Pictures stay out of this copy, which runs from the first line of the material through the line containing "Éxitoso operativo de".
*** MATERIAL PROVIDED Section Begins ***
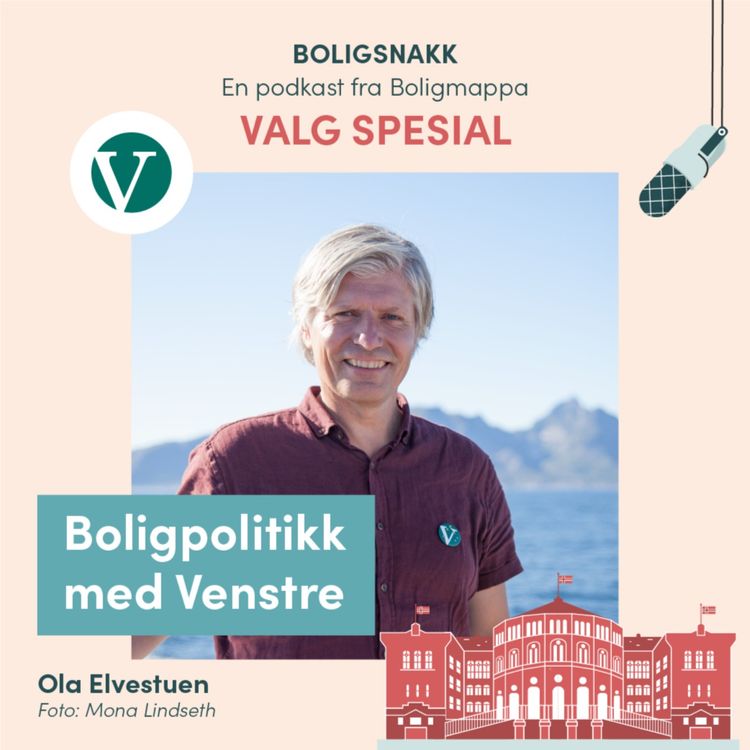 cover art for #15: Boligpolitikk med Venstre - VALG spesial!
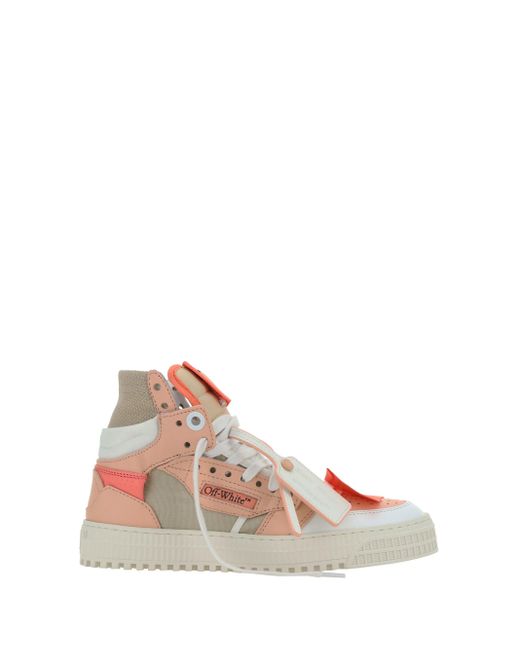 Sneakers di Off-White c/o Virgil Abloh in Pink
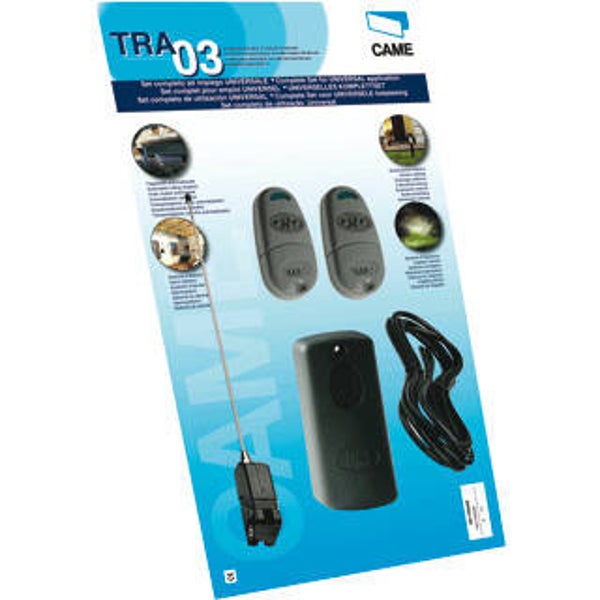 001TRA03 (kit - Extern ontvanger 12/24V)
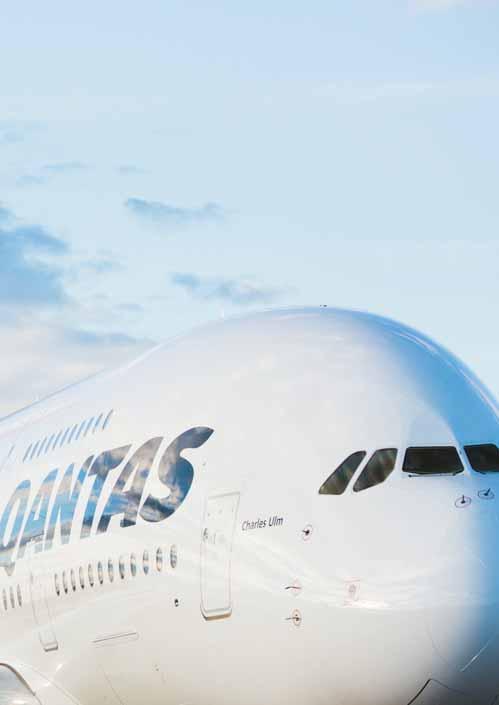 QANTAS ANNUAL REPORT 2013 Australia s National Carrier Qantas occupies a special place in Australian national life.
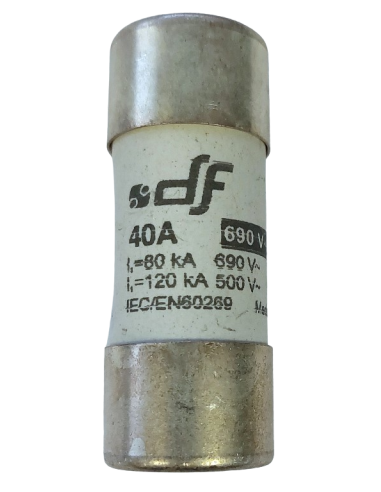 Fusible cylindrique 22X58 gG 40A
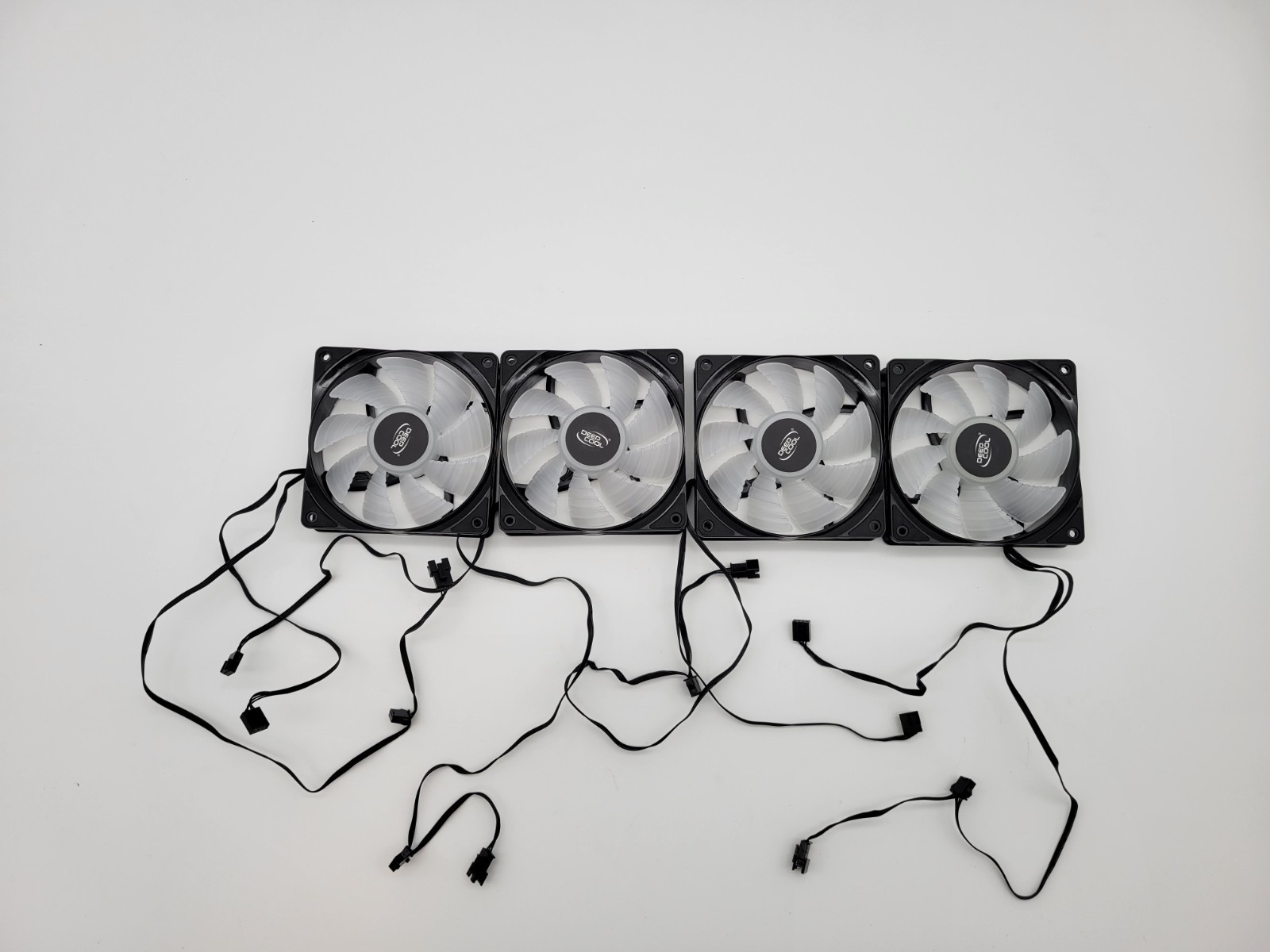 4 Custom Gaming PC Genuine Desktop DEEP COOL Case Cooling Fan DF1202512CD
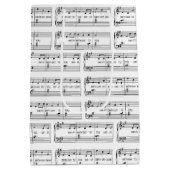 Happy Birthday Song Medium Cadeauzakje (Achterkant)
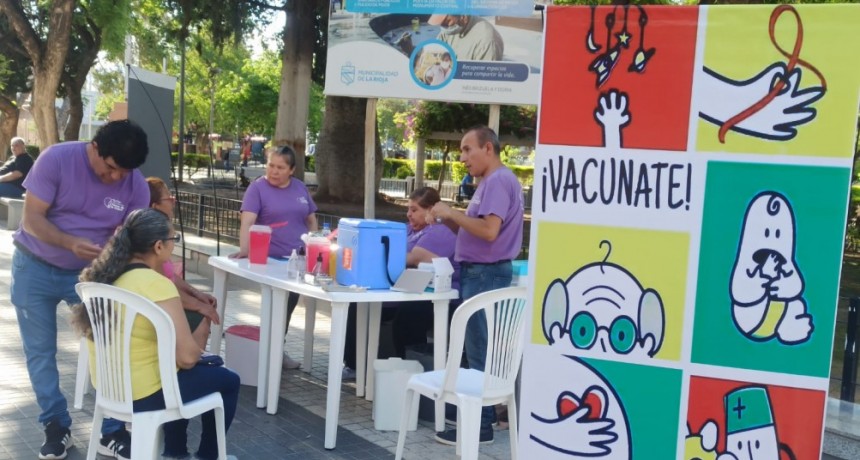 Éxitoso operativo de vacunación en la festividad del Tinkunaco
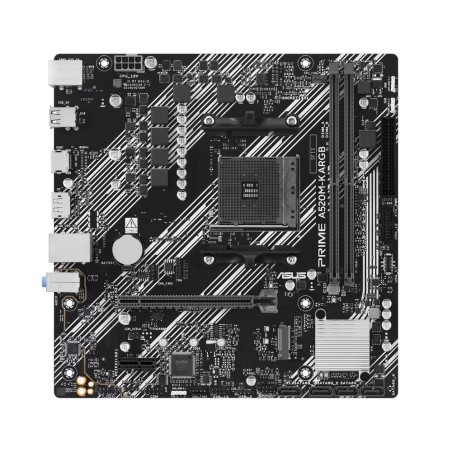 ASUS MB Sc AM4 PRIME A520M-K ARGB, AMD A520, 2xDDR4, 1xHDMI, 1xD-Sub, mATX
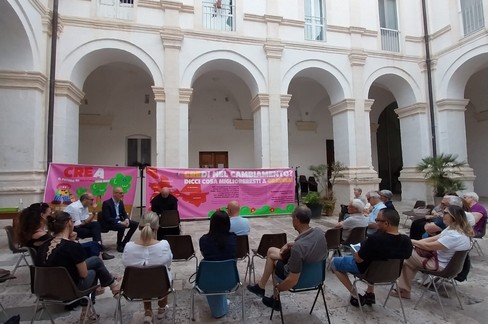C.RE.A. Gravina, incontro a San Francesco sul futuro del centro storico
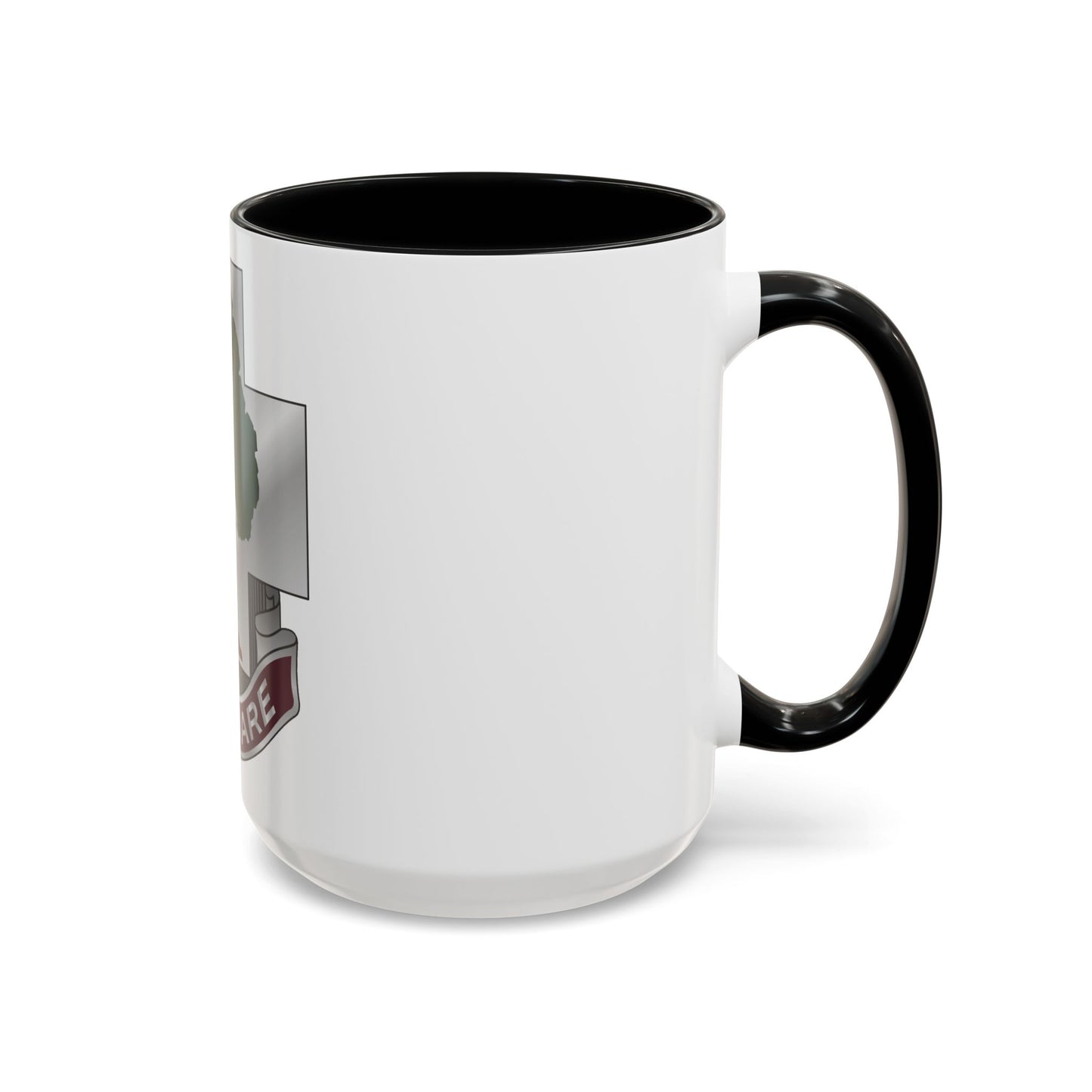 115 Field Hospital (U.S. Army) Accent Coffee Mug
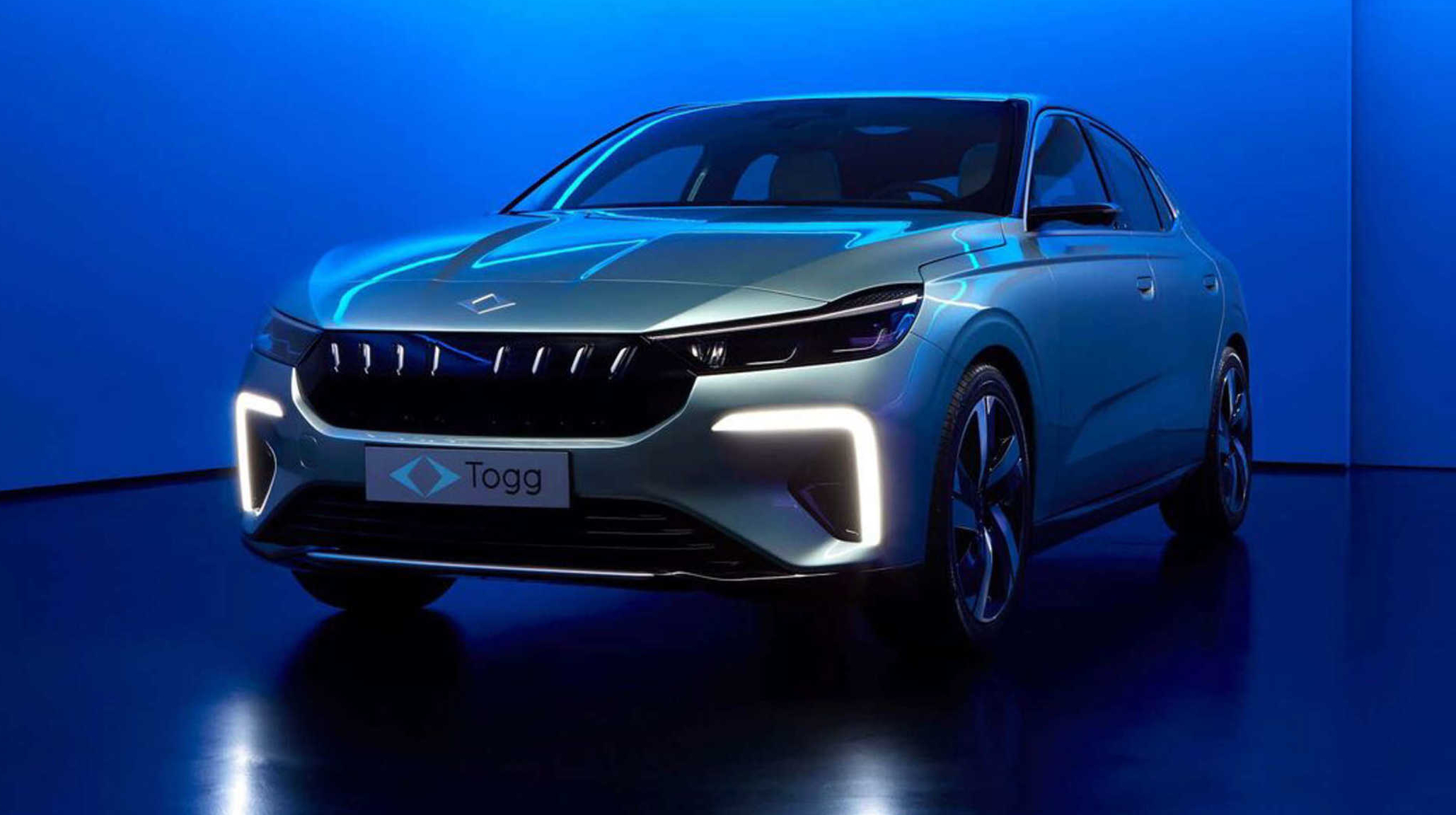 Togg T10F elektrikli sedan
*** MATERIAL PROVIDED Section Ends ***
EXERCISE SOLUTION -
 cover art for #15: Boligpolitikk med Venstre - VALG spesial!
 Sneakers di Off-White c/o Virgil Abloh in Pink
 001TRA03 (kit - Extern ontvanger 12/24V)
 QANTAS ANNUAL REPORT 2013 Australia s National Carrier Qantas occupies a special place in Australian national life.
 Fusible cylindrique 22X58 gG 40A
 4 Custom Gaming PC Genuine Desktop DEEP COOL Case Cooling Fan DF1202512CD
 Happy Birthday Song Medium Cadeauzakje (Achterkant)
 Éxitoso operativo de vacunación en la festividad del Tinkunaco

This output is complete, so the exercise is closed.